The Williams County Sheriff’s Office Special Deputies Program is alive and well, but some of the faces are changing.

Sheriff Tom Kochert spoke to The Bryan Times Wednesday in response to public concern over the personnel changes after several special deputies received notice that their services were no longer required.

“No one was fired,” he said. “It’s not any kind of disciplinary action; nobody did anything wrong, nothing along those lines at all. I’m simply exercising the right every new sheriff has to reorganize the office and structure it as I see fit. It is never easy but it is necessary. Some have been let go. Others are being re-sworn for different duties.

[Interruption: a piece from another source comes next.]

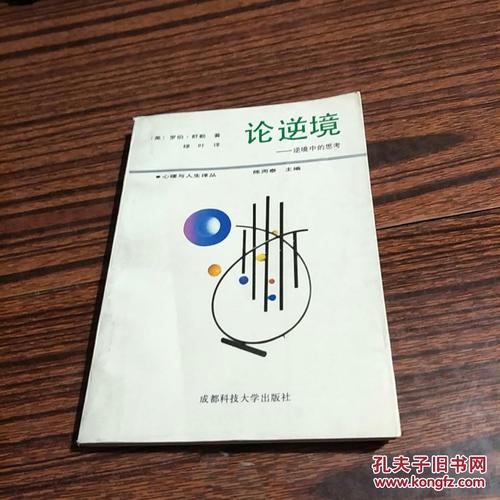 逆境中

“Folks in Williams County expect us to utilize resources to the best of our ability and this is one small part of that. I am not disbanding or ending the special deputy program. In fact, my plan will expand its use in the county. I have already sworn two new certified special deputies with a third pending and new mounted deputies are being processed. “

He said he has also assigned one road patrol deputy to act as a liaison to the program to coordinate training events for its certified peace officers as well as its Mounted Patrol, Dive Team and Search and Rescue volunteers.

“That will be monthly for the certified officers to maintain their certification, but not as much or as often as our full-time deputies,” he said. “Most of them are already employed elsewhere.”

Kochert said his goal is to “have a Special Deputy Program that has a very definite function, clearly designed and well-trained, ready to serve.”

He wants the certified volunteers to be “cruiser ready,” and able to work with road patrol units on various projects. “You’ll probably be seeing more of them in the future,” he said.

Kochert also said there was no set cap on the number of volunteers in the program.

“It all depends on the quality of individuals interested and their ability to pass training and background checks,” he said. “We want to follow the proper guidelines when we bring them on because all deputies serve and represent the citizens of Williams County.”